Generational links in the poverty cycle : an analysis of the significance of selected variables, education, occupation and receipt of public assistance, seen as generational links in the low-income life style McCargar, Donamae A.


This study is one of four research projects which examined the National Urban Low-Income Family Evaluation Study (NULIFE). Under the auspices of the Canada Welfare Council, NULIFE examined poverty in three urban areas of Canada. The purpose of this particular study was to examine the many factors which contribute to generational links in the poverty cycle in metropolitan areas across Canada.
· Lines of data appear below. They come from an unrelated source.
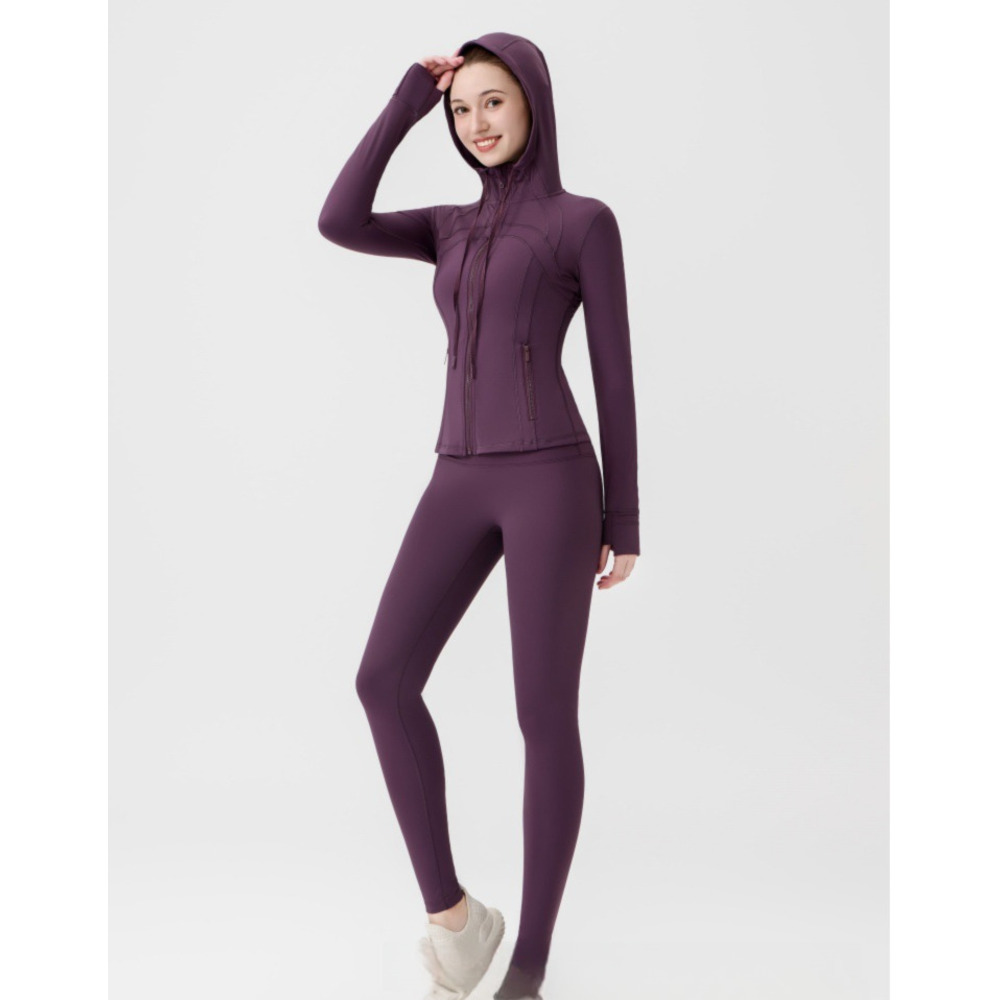 Dames yoga-outfit met capuchon, bestaande uit een 9-punts legging en een slim fit jasje, casual sportkleding voor workouts en dagelijks gebruik._voghion.com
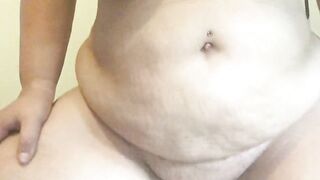 Fucking my Dildo and Squirting on it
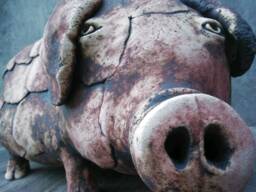 Ceramic Pig - Small - thumbnail 1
There is a vast range of literature and research reports available from the United States on the poverty cycle and its etiology but examination of the factors which followed a familiar pattern seem to occupy a secondary position. It is to be hoped, therefore, that this study will stimulate further enquiries in this area, as well as contribute to knowledge of poverty in Canada. Examination of the NULIFE data for generational links did not produce any radical conclusions. The research indicated that the selected variables education, occupation and welfare were pertinent to the inexorable process of poverty. They were examined in separate sections of the report from the point of view that low education, lack of job skills, and dependence on welfare are self-generating, and present the poor with barriers to economic betterment. This study theorized that these critical variables were closely interrelated. For example, education was related to lack of occupational skills, et cetera. Although it was found that the selected variables were contributors to generational links in the cycle of poverty, such conclusions could only be made tentatively, as the analysis lacked strength. It was therefore not possible to indicate causality as many other cultural determinants of poverty, such as attitudes, values, expectations et cetera, were not available to be tested.